Bench: S. Rajendra Babu, S.N. Phukan
In this case Euro Alloys, the respondent proposed a contract [bearing No. S-142], containing arbitration clause, for supply of aluminum rods on 18.3.1991. The appellant did not sign the contract but dispatched the consignments for the months of January, February & March.
Meanwhile, on 19.3.1991 RBI releases circulars restricting import of goods. On 30.4.1991, the appellant sent a telex to the respondent about the restrictions that had been imposed by RBI due to unprecedented foreign exchange crisis and informed that RBI had not cleared the application for letter of credit and wanted to raise a force majeure clause in the contract.
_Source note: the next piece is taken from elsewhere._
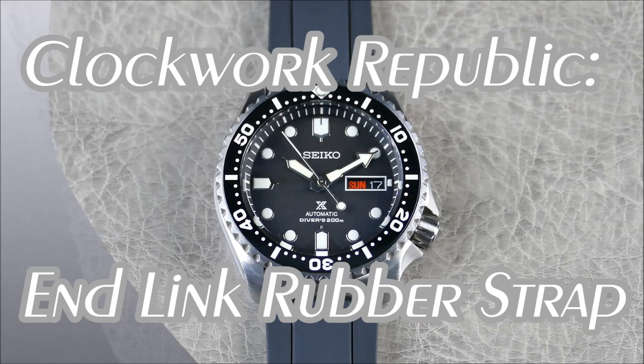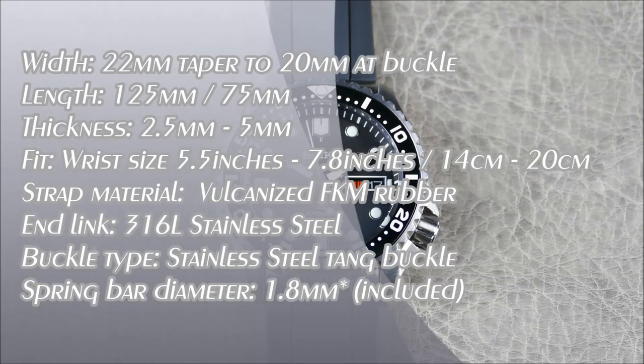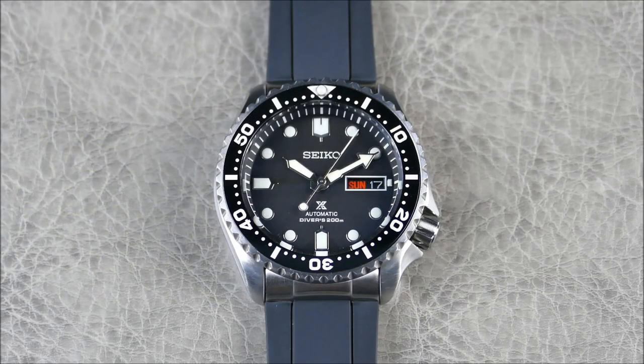Hey everyone, welcome to another episode of On the Wrist from Off the Cuff. Today we have the return of the Seiko SKX to my channel — I know there are a lot of fans out there. This is a mod that's been together for quite some time, so much that the modding community has caught up in terms of that OEM-plus look. I'm happy to have been one of the first few channels really pushing that.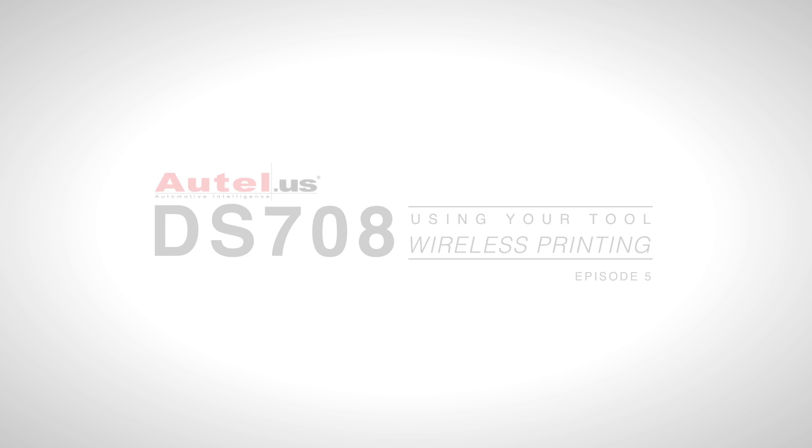Welcome to the fifth episode of Autel's Using Your Maxidas DS708 Automotive Diagnostic Tutorial Series. Today we'll be looking at using the wireless printing feature. This allows the user to print out any graph, data, parameter ID list, or analog information directly to a personal computer connected to a printer wirelessly from anywhere in the shop. Now let's get started.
On 30.5.1991, the respondent informed the appellant that they have initiated arbitration proceedings under the arbitration clause in the contract.
On 30.8.1991, the appellant filled a suit praying that there is no valid contract and that arbitration, which has been initiated by the respondent is void and the case was dismissed by the Bombay High Court on 18.12.1991.
Meanwhile, the arbitrators, on 29.7.1992 awarded damages amounting to US$ 676,000 against the appellant. The London Metal Exchange also rejected the request for waiver of deposit, appealed by the appellant to the Appeal Board of the London Metal Exchange.
Thereafter, the respondent filled a petition in the Bombay HC under the Foreign Awards (Recognition & Enforcement) Act, 1961 for execution of the award, where, the High Court of Bombay allowed the petition. And, hence, this petition was filled by the appellant in the Supreme Court.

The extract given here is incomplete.